Paul put it this way, in Romans 3:19-20: “Now we know that whatever the Law says, it speaks to those who are under the Law, so that every mouth may be stopped, and the whole world may be held accountable to God. For by works of the Law, no human being will be justified in His (in God’s) sight, since through the Law comes the knowledge of sin.”
The Law of God, in the Scriptures, shows us our sins and where God wants us to go instead in our lives, but it doesn’t get us there. Primarily, it condemns us and shows us our need for help beyond ourselves.
That is why we also need, so desperately, the second picture image in our text, that of Mt. Zion and the city of the living God. Mt. Zion was located on earth in the city of Jerusalem, in the land of Israel, and it is there, through the Scriptures, we meet Jesus, God’s own Son, sent into this world to be the Mediator, the only One who could and would go between us and God to fulfill a New Covenant with God.
God’s Old Testament people failed miserably in following Him and His will and His Old Covenant. That is represented in our text by Cain killing his brother, Abel, and Abel’s blood crying out for vengeance and judgment for sin. There were then, later, the Old Testament sacrifices, including sacrifices of animals, but these only prepared the way for a much, much greater sacrifice, the sacrifice of Jesus and His shed blood in His suffering and death on the cross. His sprinkled blood, our text says, speaks a much better Word, a Word of the Gospel and the forgiveness of our sins and peace and new life with our Lord and God.
Jesus earned all of that for us by taking the judgment for our sins upon Himself and paying the penalty for them all, in our place. That forgiveness has come to us personally through the Holy Spirit, working through the Word of God, and the Word connected with water in our baptism, and the great promises of God that are ours by the gift of faith in Christ.
Our text also speaks of the heavenly Jerusalem, the heavenly Mt.
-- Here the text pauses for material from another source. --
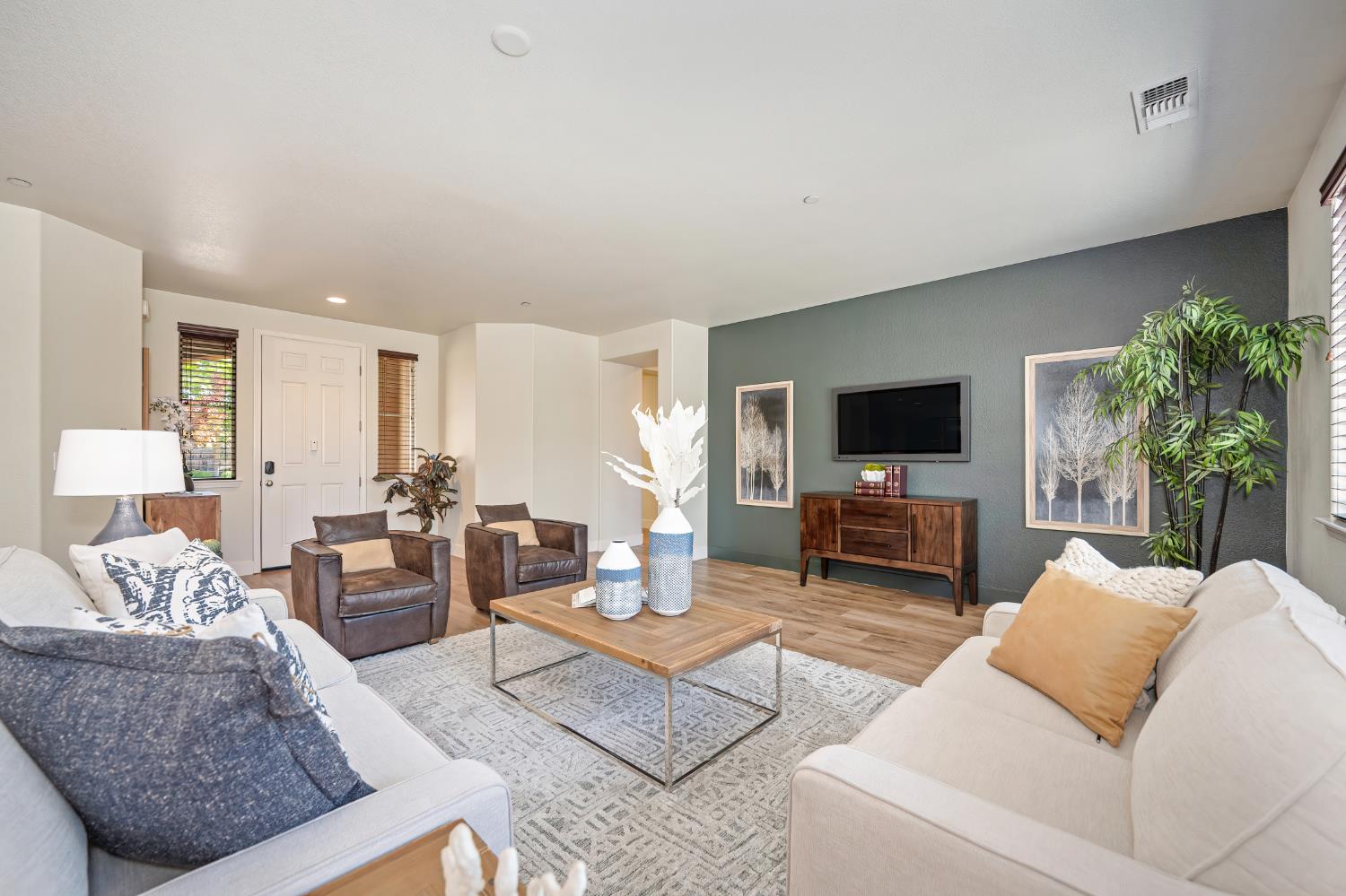 12425 Kibbie Lake Way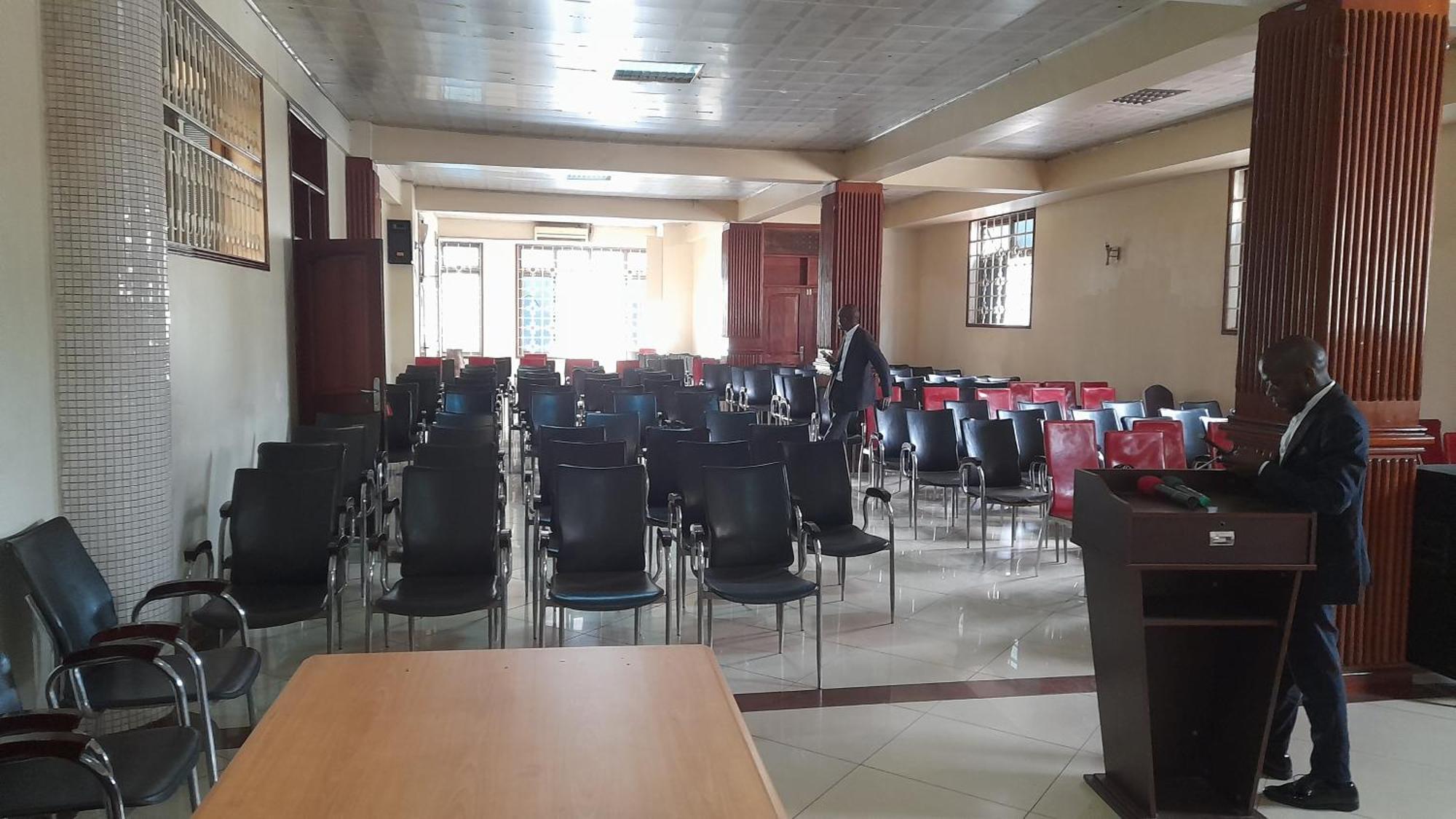New Jbk Hotel Kampala Extérieur photo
Zion, and the blessings that are guaranteed to us in Christ. We struggle with sin. We try, but we never overcome it all in this life. Yet we are counted as “the righteous made perfect” in God’s eyes, through the perfect work of Jesus.
Our text also speaks of the assembly of the firstborn who are enrolled in heaven. That includes all believers who have died in faith, including all of our loved ones who have lived and died in faith. And we hear that innumerable angels are there, as well. And guess who else is extolled, whose names are written in the Book of Life? Your name and my name - not because we are so great, but because God is so great in His love for us and in giving us the gift of His only Son, Jesus, who has already accomplished everything we need for our eternal future, as we hang onto and trust in Him and His Word.
All this keeps us going in difficult days in a very troubled world. Paul writes again, in Romans 8:18, 24-25: “The sufferings of this present time are not worth comparing with the glory that is to be revealed to us…” “In this hope we were saved… and we wait for (that heavenly home) in patience.”
And as Hebrews 12 ends, we hear that heaven and earth will be shaken and pass away, as we know it, but God’s Word will never pass away, and our heavenly home will never be shaken (Hebrews 12:26-28, Mark 13:31, 1 Peter 1:23-25).
And we have the promise from the Lord that we’ll hear in next week’s lesson, Hebrews 13:5: “I will never leave you nor forsake you.” And Jesus says to us, “I am with you always, to the end of the age” (Matthew 28:20). And we even have, in a few moments here, a taste of that heavenly home, as Christ Himself comes personally to us, with His very Body and Blood, in and with and under the bread and wine, in the Lord’s Supper (1 Corinthians 10:16, 11:23-26). May the Lord continue to bless and strengthen us with these amazing gifts and promises. Amen.